Ultrasound examination can reveal indirect signs that only indicate the possibility of a chromosomal abnormality. These include various internal malformations, low fetal weight, large volumes of amniotic fluid and some others.

In order for the diagnostic results to correctly reflect the current condition, it is highly advisable for a woman to undergo a prenatal screening procedure. This diagnostic method is aimed at identifying with maximum accuracy the risk of chromosomal and other abnormalities in the fetus. Such diagnostics are carried out for all women - it makes it possible to identify among them those who belong to a high-risk group. If a threat is detected, the specialist gives a referral for invasive testing, the results of which can confirm or refute suspicions.

Prenatal screening is divided into two stages. The first occurs at 11-13 weeks of pregnancy, during this period a study of biochemical parameters is carried out. At this stage, ultrasound is still difficult to judge the presence of anomalies, and the information obtained about fetal development cannot be considered sufficiently accurate. A final diagnosis is not made; the woman is only placed or not at risk. At this stage, a blood test is performed to determine hormone levels. In the first trimester, screening results are not yet definitive; they only indicate that there is a possibility that the child may have Edwards syndrome. Calculations are made based on the analysis of blood proteins, which are reliable indicators of the condition of the fetus during pregnancy.

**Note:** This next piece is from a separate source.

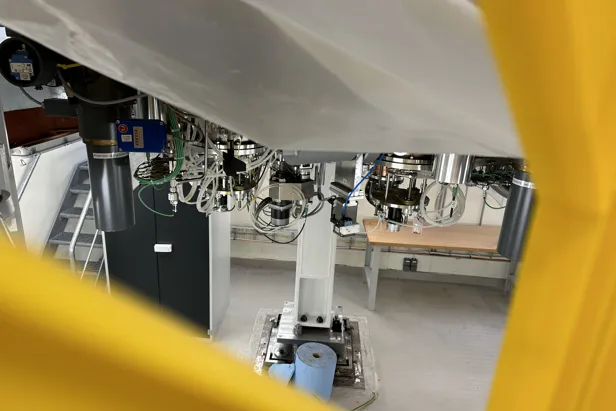 Sett fra innsiden av en fabrikk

These proteins include protein A (PAPP-A), produced in plasma, as well as β-hCG. This is human chorionic gonadotropin (hCG), a protein produced by cells in the membranes of the embryo and then by the placenta. The alpha unit is common to hCG and some other hormones, but their beta subunits are different. For this reason, it is the β-subunit of hCG that is determined in the blood.

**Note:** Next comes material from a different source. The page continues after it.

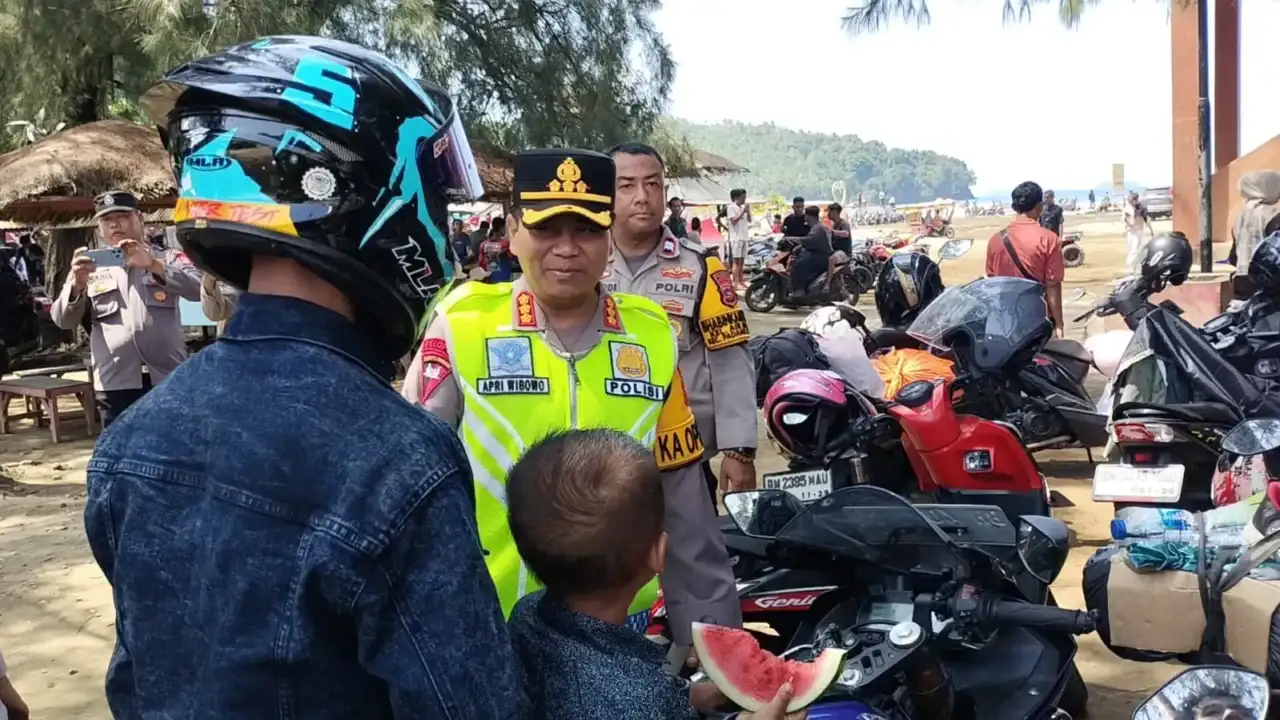 polresta-padang-lakukan-pemantauan-dan-pengamanan-di-kawasan-pantai-air-manis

The second stage of prenatal screening is to obtain accurate information about the condition of the fetus. For analysis, a tissue sample is taken and subjected to genetic testing. Any method can be used to collect the sample. The most accurate are amniocentesis (taking a sample of amniotic fluid) and cordocentesis (taking a sample of umbilical cord blood).

Based on the test results, one can judge the state of the karyotype. A negative result will mean that no chromosomal abnormalities have been detected, but a positive answer will confirm fears and form the basis for a diagnosis.

Invasive Testing Methods

The most accurate and reliable methods are considered to be invasive methods that require surgical intervention and penetration into the fetal membrane. They differ from each other in terms of the time required for testing samples and the risks to which the fetus is exposed. The optimal method of collecting a sample is determined in accordance with the recommendations of the doctor and largely depends on the development of the fetus and the anatomical features of the woman. When performing invasive procedures, there is a risk of miscarriage and complications. Such procedures are prescribed only when the risk of disease is higher than the risk of complications.

Already in the early stages, chorionic villus sampling (CVS) can be performed - starting from the 8th week. This is the main advantage of CVS, because the sooner the diagnostic results are known, the greater the chances for preventing complications. For analysis, a sample of one of the layers of the placenta membrane, the chorion, is taken from the uterus. Its structure practically coincides with the structure of fetal tissue. Using the analysis, it is possible to diagnose the risk of not only chromosomal and genetic diseases, but also intrauterine infections. The size of the sample should not significantly affect the course of pregnancy.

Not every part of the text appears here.